**TASK INSTRUCTIONS**
Write out the lines below exactly, beginning at the one with "Real Techniques Other - concealer brush set" and stopping after the one with "Rajasthani Model Gets"; the pictures are not copied.

**RECORDS FOR THE TASK**
══════════════════════════════

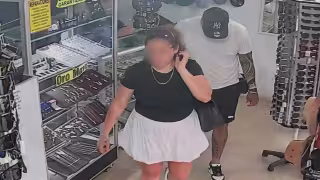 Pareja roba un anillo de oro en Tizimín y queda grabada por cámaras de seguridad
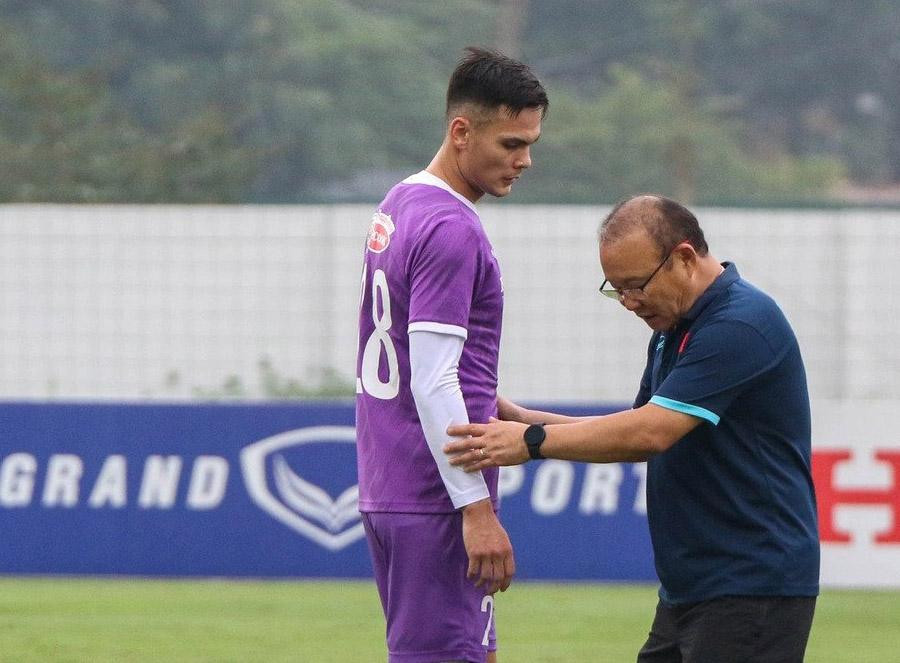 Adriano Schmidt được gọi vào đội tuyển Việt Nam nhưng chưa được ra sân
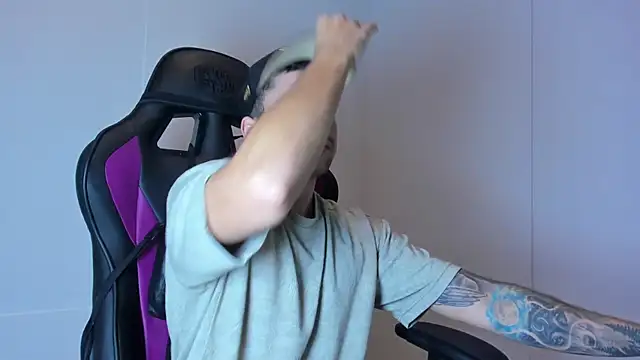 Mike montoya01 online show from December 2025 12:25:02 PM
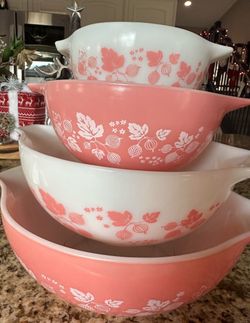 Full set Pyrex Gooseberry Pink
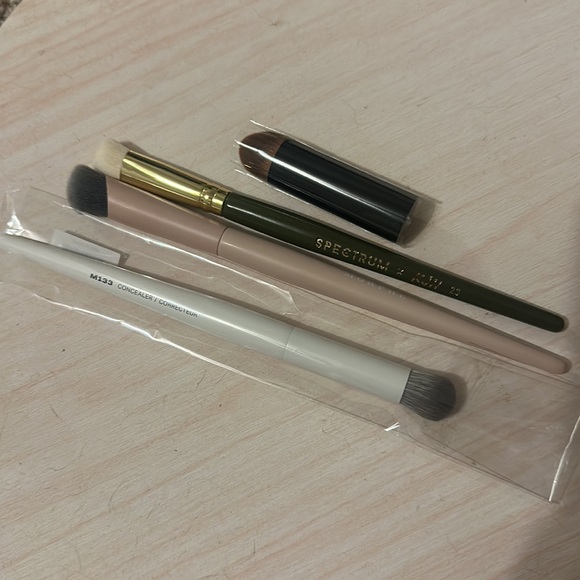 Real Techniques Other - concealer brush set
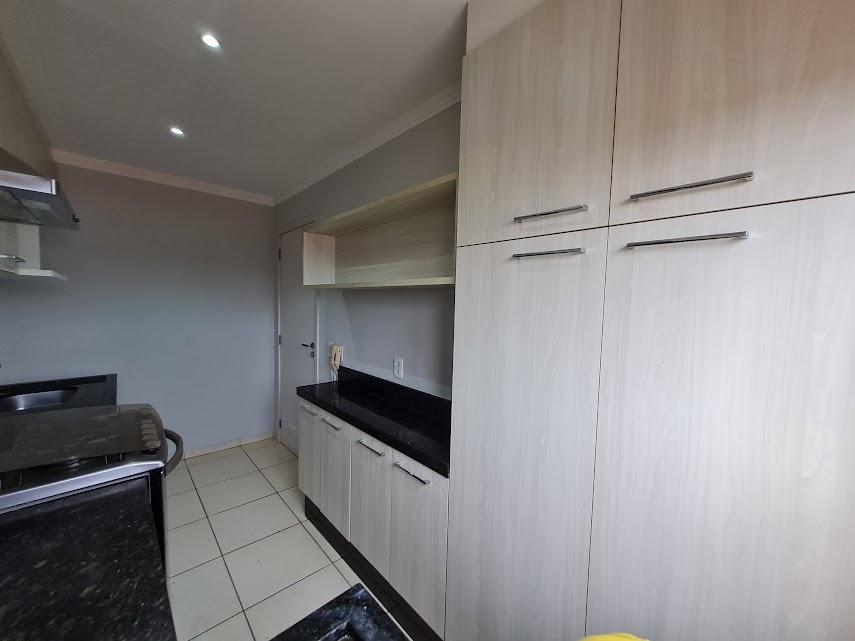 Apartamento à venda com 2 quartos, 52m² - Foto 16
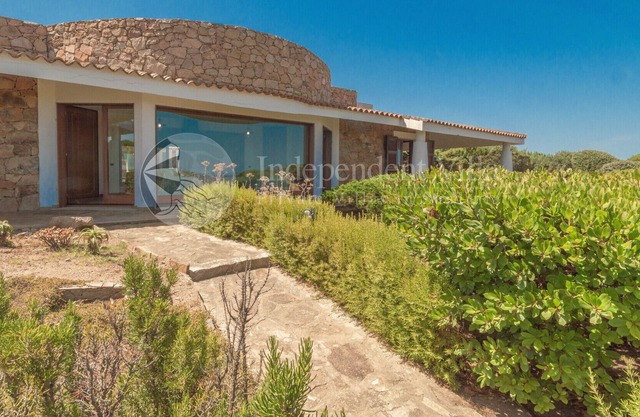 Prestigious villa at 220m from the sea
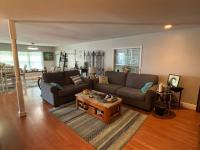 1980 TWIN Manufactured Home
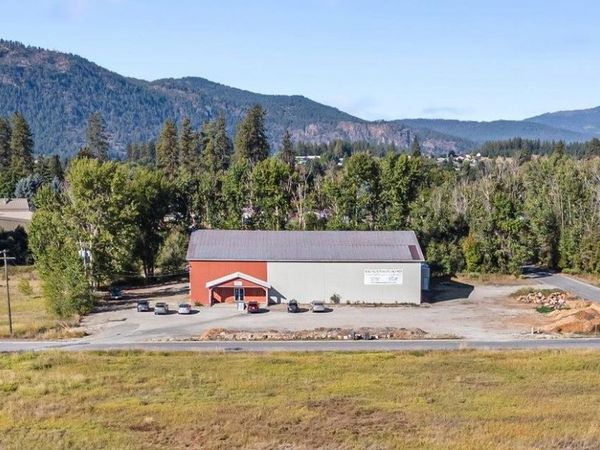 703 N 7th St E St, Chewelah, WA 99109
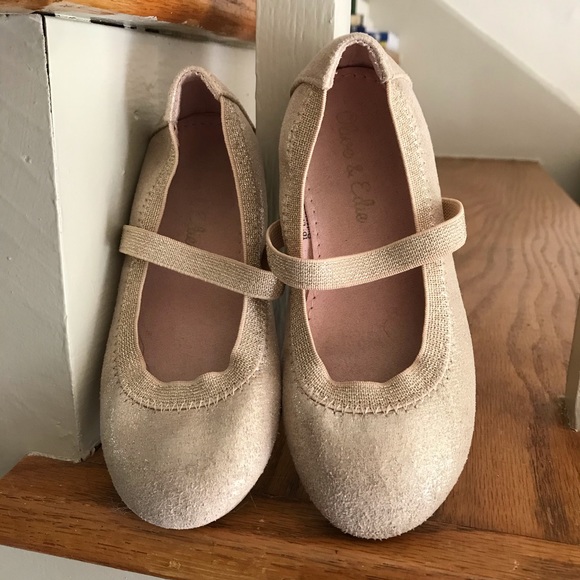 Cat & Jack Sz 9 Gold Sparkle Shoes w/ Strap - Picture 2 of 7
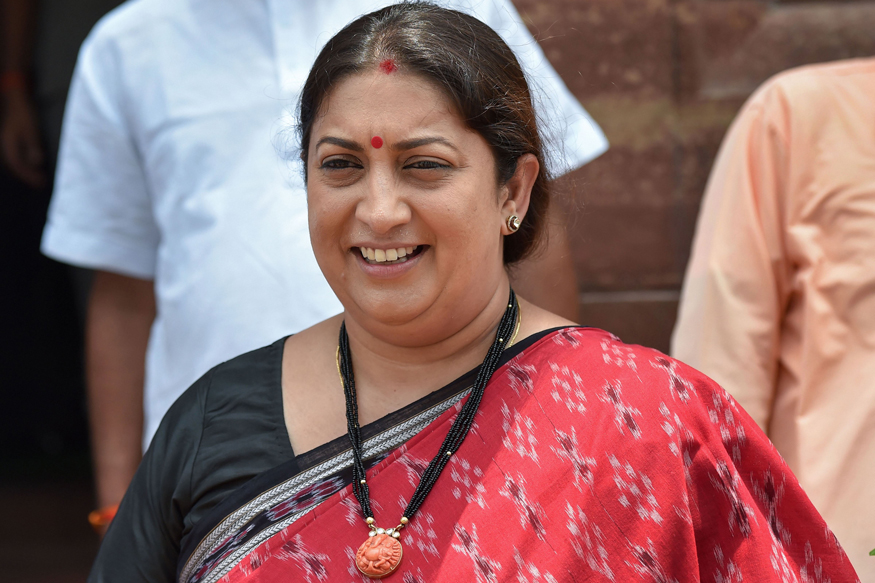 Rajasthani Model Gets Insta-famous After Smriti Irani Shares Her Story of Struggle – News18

══════════════════════════════

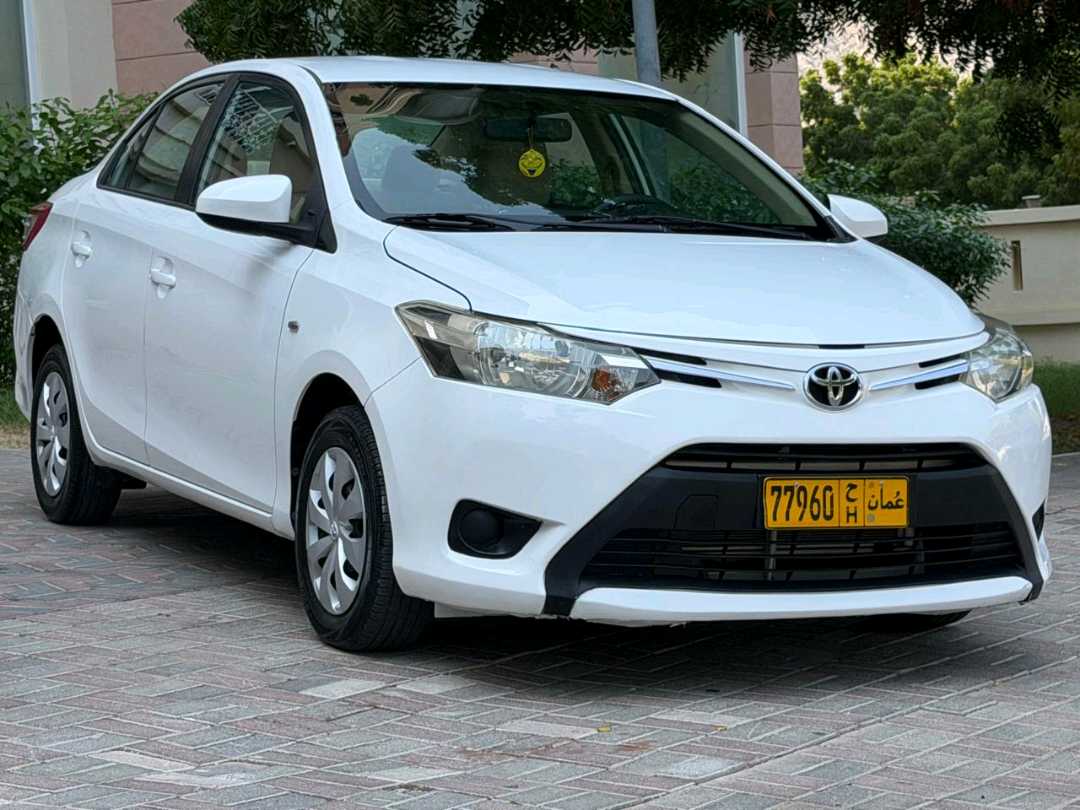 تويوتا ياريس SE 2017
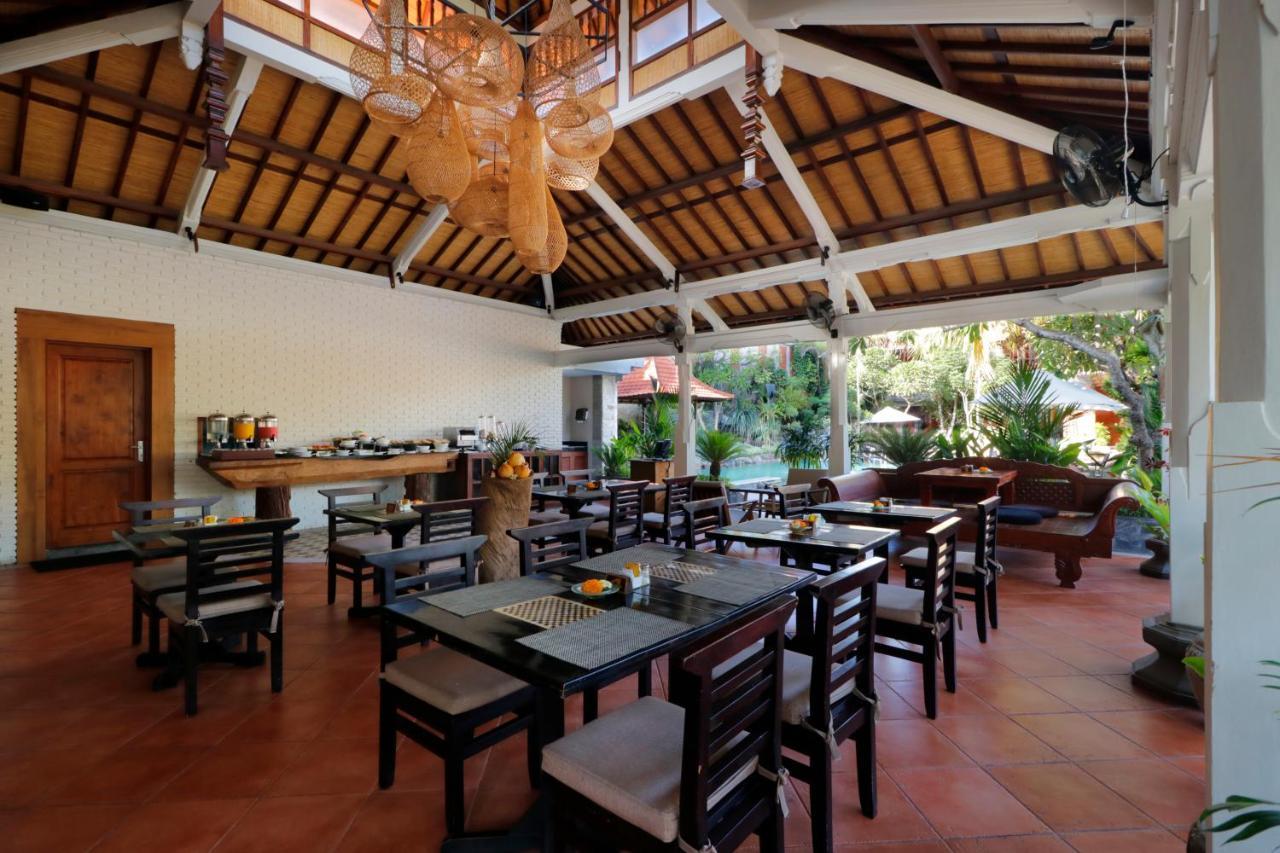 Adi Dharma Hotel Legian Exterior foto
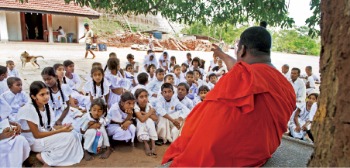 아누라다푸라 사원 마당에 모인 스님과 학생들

══════════════════════════════

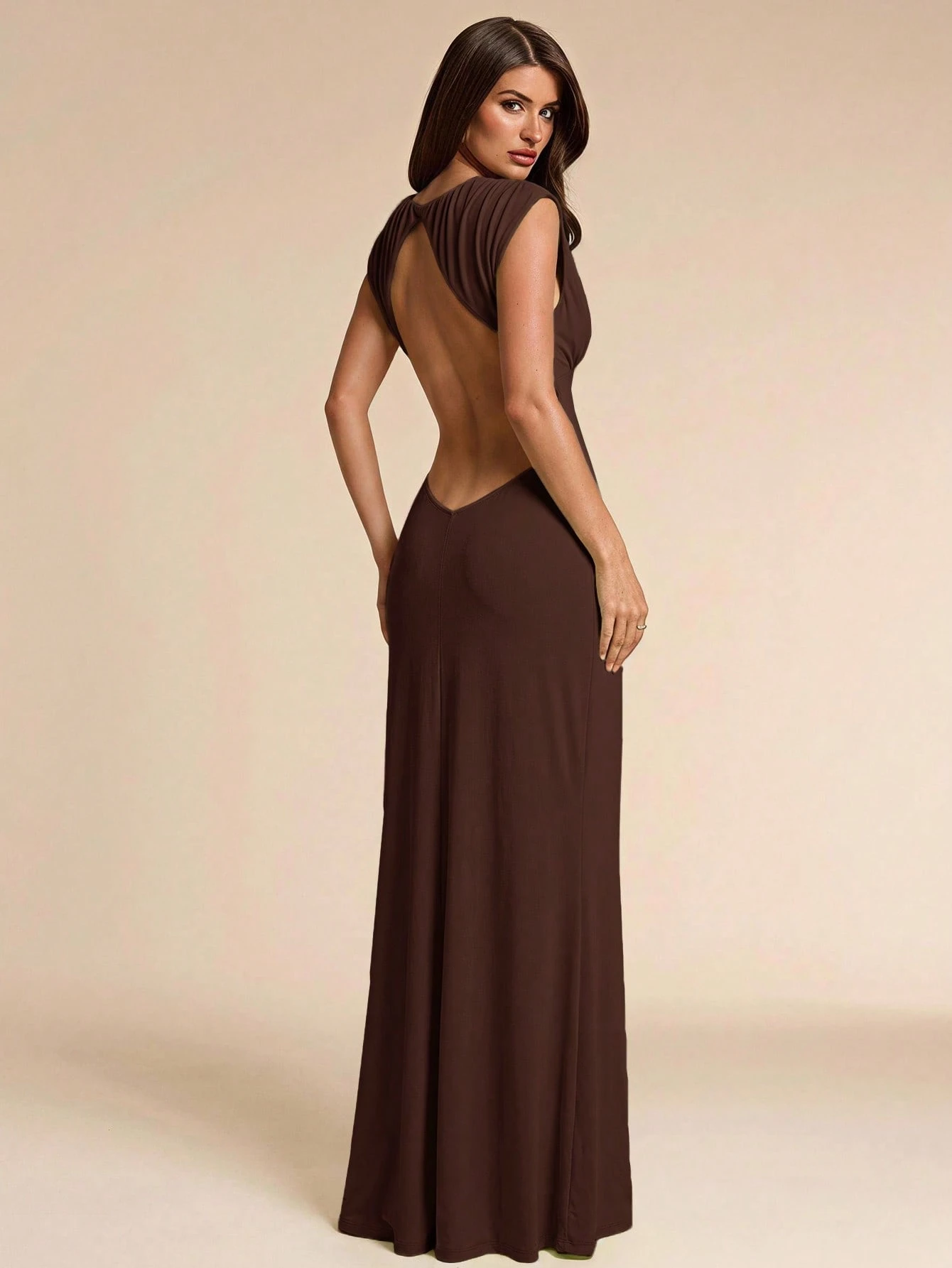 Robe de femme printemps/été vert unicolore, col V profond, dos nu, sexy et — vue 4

══════════════════════════════

**RESULT OF THIS TASK**
 Real Techniques Other - concealer brush set
 Apartamento à venda com 2 quartos, 52m² - Foto 16
 Prestigious villa at 220m from the sea
 1980 TWIN Manufactured Home
 703 N 7th St E St, Chewelah, WA 99109
 Cat & Jack Sz 9 Gold Sparkle Shoes w/ Strap - Picture 2 of 7
 Rajasthani Model Gets Insta-famous After Smriti Irani Shares Her Story of Struggle – News18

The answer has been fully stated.